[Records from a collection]
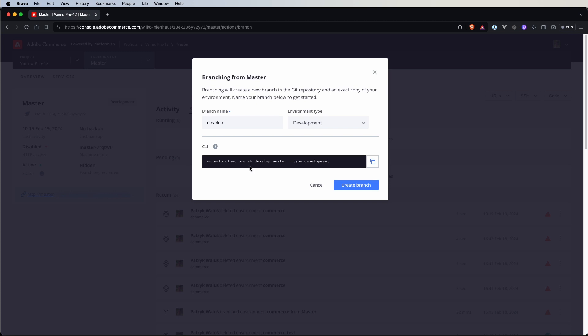Actually, this action can be done by using Magento Cloud branch, the name of the environment that we want to create, master which is the parent environment and we also select a type of environment. So we can just copy it and we'll actually do it later but let's just for now click on create a branch.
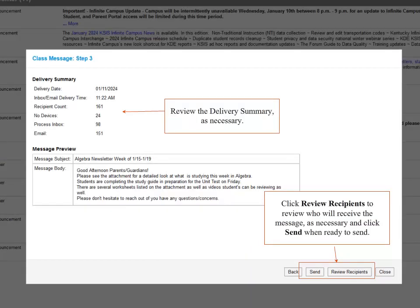In Step 3 of sending a message, we are able to review the delivery summary as necessary. You can also click on Review Recipients to see who will receive the message and who will not receive the message. When we are ready to send, we will click the Send button.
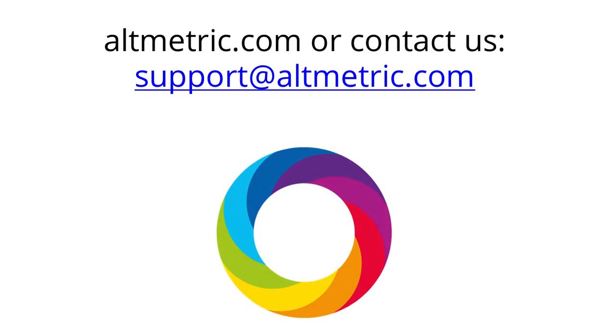To find out more about promoting your research online, you can download the Tips and Tricks Guide from the Altmetric website or email support at altmetric.com with any questions.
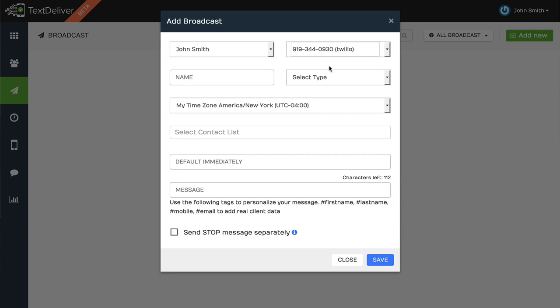And as you probably are aware, there's more and more legalities in terms of what you can and cannot do with text messaging. Like for one example, you can't send a text message before 8am and after 9pm, the subscriber's local time zone.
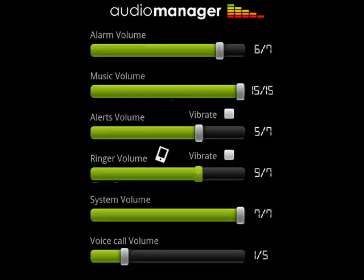You can go in and quickly adjust any of the volume levels for the various sounds. That's Audio Manager, a quick and easy way to manage audio on your Android phone. And that's all there is to it.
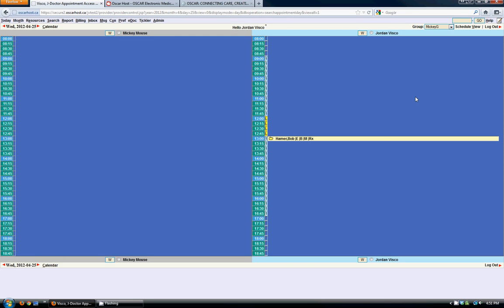Hello and welcome to the free OSCAR video training series by oscarhost.ca. In this quick video we're going to cover the calendar screen and the different views within it.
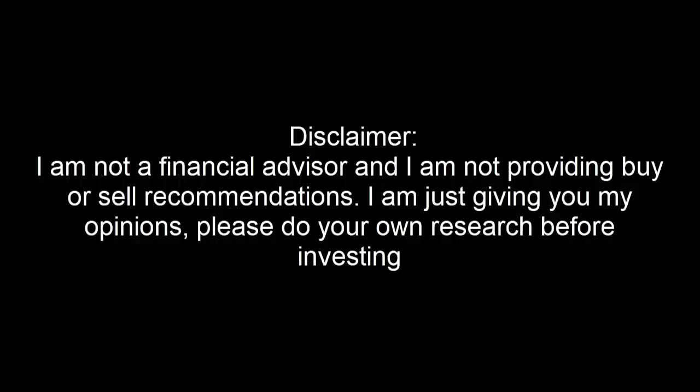Disclaimer: I'm not a financial advisor, and I'm not providing buy or sell recommendations. I'm just giving you my opinions. Please do your own research before investing.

* [INSTRUCTIONS TO FOLLOW] Would you please reproduce the entries above, starting at the line with "You can go in" and stopping after the line with "Hello and welcome"? Omit any pictures.

* [TASK RESULT]
You can go in and quickly adjust any of the volume levels for the various sounds. That's Audio Manager, a quick and easy way to manage audio on your Android phone. And that's all there is to it.
Hello and welcome to the free OSCAR video training series by oscarhost.ca. In this quick video we're going to cover the calendar screen and the different views within it.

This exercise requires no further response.